WORK INSTRUCTIONS:
When you reach the line with "3 bed, 1232 sqft, $2,300 — Photo 3" in the records below, begin transcribing exactly and continue up to and including the line with "Bán nhà riêng: Bán", leaving out every picture.

--- PROVIDED RECORDS Enclosed Below ---

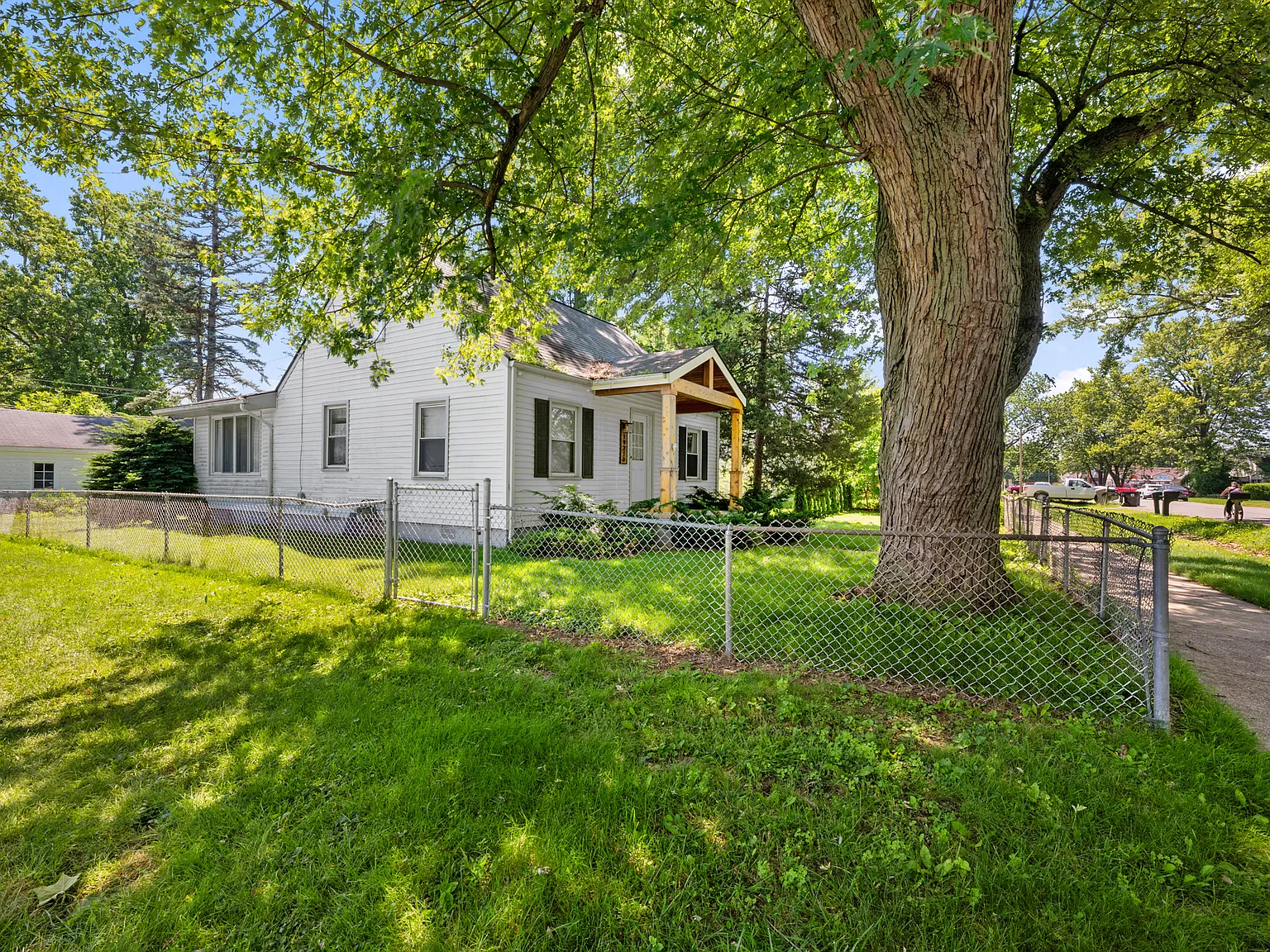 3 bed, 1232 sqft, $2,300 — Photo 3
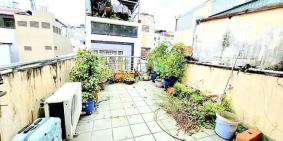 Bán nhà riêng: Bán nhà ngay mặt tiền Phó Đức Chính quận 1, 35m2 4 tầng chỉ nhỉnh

--- End of Enclosed PROVIDED RECORDS ---
--- PROVIDED RECORDS Enclosed Below ---

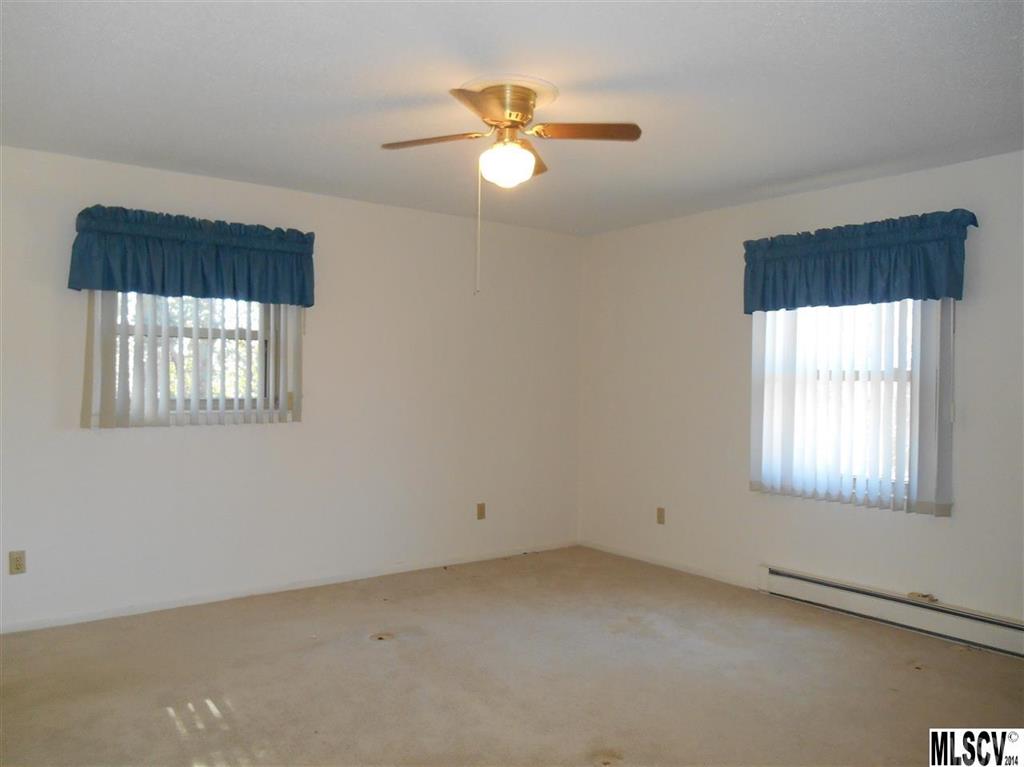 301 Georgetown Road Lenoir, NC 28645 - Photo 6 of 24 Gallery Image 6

--- End of Enclosed PROVIDED RECORDS ---

TASK OUTPUT:
 3 bed, 1232 sqft, $2,300 — Photo 3
 Bán nhà riêng: Bán nhà ngay mặt tiền Phó Đức Chính quận 1, 35m2 4 tầng chỉ nhỉnh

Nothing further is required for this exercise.